* Activity:
A verbatim copy of the listing is needed; pictures are to be left out.

* Source material:
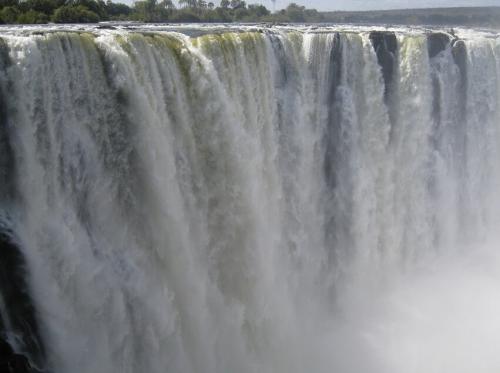 Где находится водопад Виктория. Общая информация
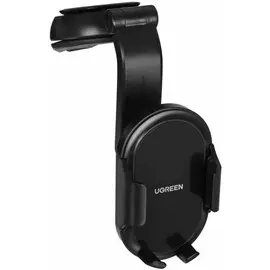 Держатель UGREEN LP405 20473_ для телефона, с присоской, цвет: черный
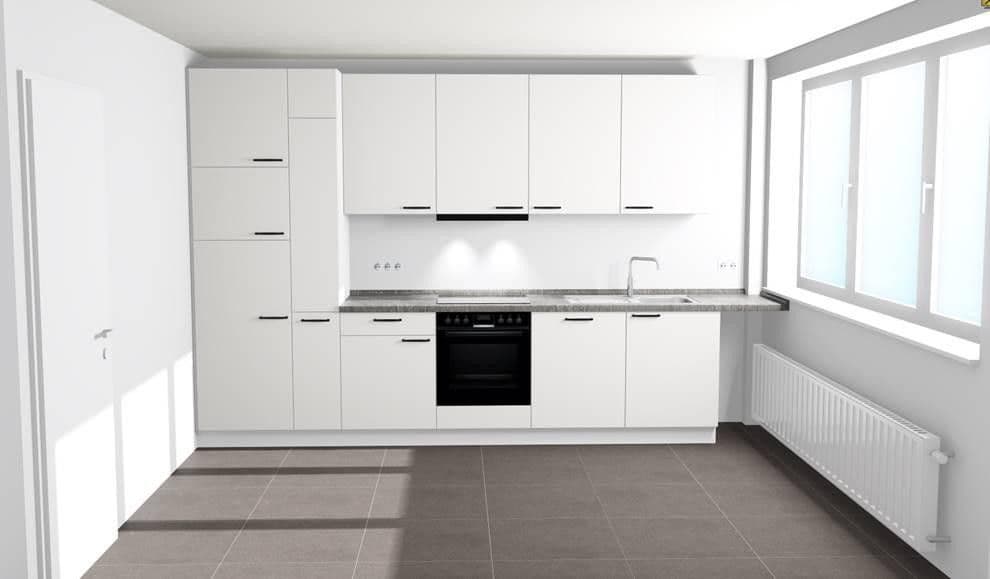 Pronájem bytu 2+1 64 m², Kompaniestraße 13, Flensburg, Šlesvicko-Holštýnsko Pronájem bytu 2+1 64 m², Kompaniestraße 13, Flensburg, Šlesvicko-Holštýnsko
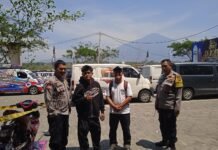Sinergi Personel Polsek Kramatmulya Gelar Patroli Wilayah, Pantau Keamanan di Area Publik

* Output of the exercise:
 Где находится водопад Виктория. Общая информация
 Держатель UGREEN LP405 20473_ для телефона, с присоской, цвет: черный
 Pronájem bytu 2+1 64 m², Kompaniestraße 13, Flensburg, Šlesvicko-Holštýnsko Pronájem bytu 2+1 64 m², Kompaniestraße 13, Flensburg, Šlesvicko-Holštýnsko
Sinergi Personel Polsek Kramatmulya Gelar Patroli Wilayah, Pantau Keamanan di Area Publik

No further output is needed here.